** Requirement **
Would you transcribe the whole listing exactly, minus its pictures?

═══ Recorded data

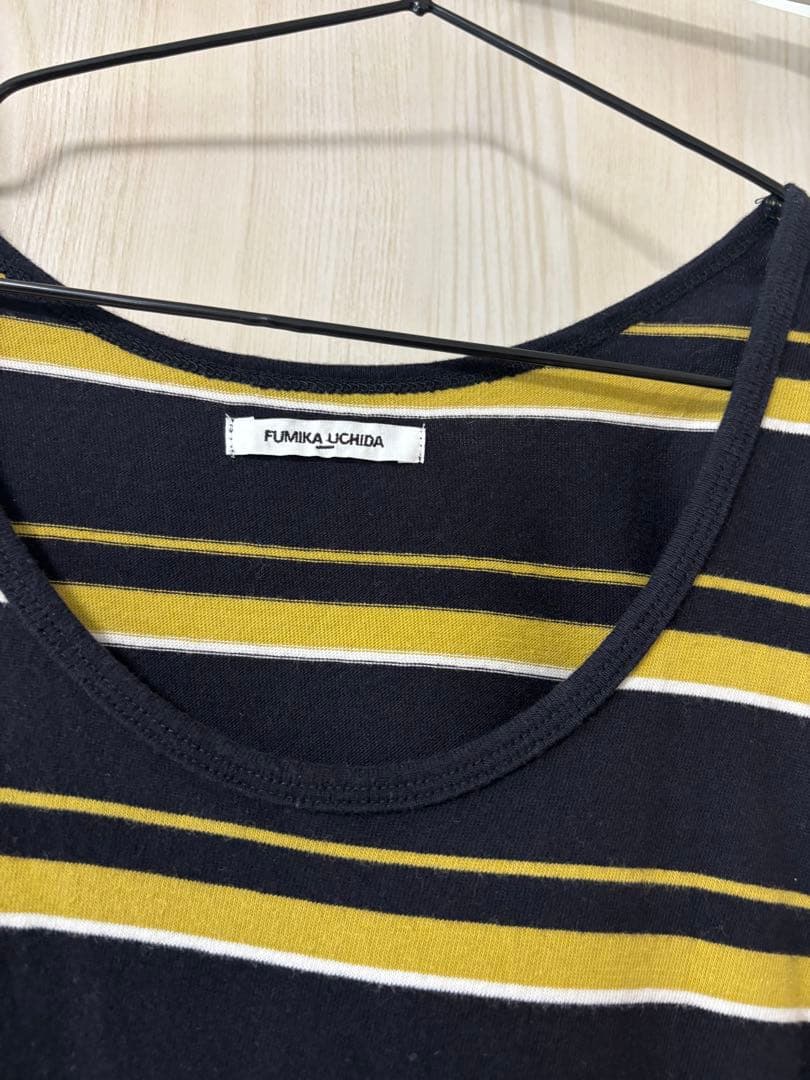 FUMIKA UCHIDA ボーダーオーバーサイズタンクトップ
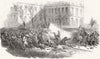 FRANCE. Slaughter, hotel of Minister foreign affairs 1848 old antique print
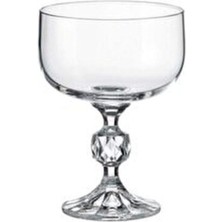 Beyaz Kristal Ayaklı Cam Cup 200 Ml, 6'lı Paket, Şık ve Dayanıklı Tasarım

══════

** Exercise output **
 FUMIKA UCHIDA ボーダーオーバーサイズタンクトップ
 FRANCE. Slaughter, hotel of Minister foreign affairs 1848 old antique print
 Beyaz Kristal Ayaklı Cam Cup 200 Ml, 6'lı Paket, Şık ve Dayanıklı Tasarım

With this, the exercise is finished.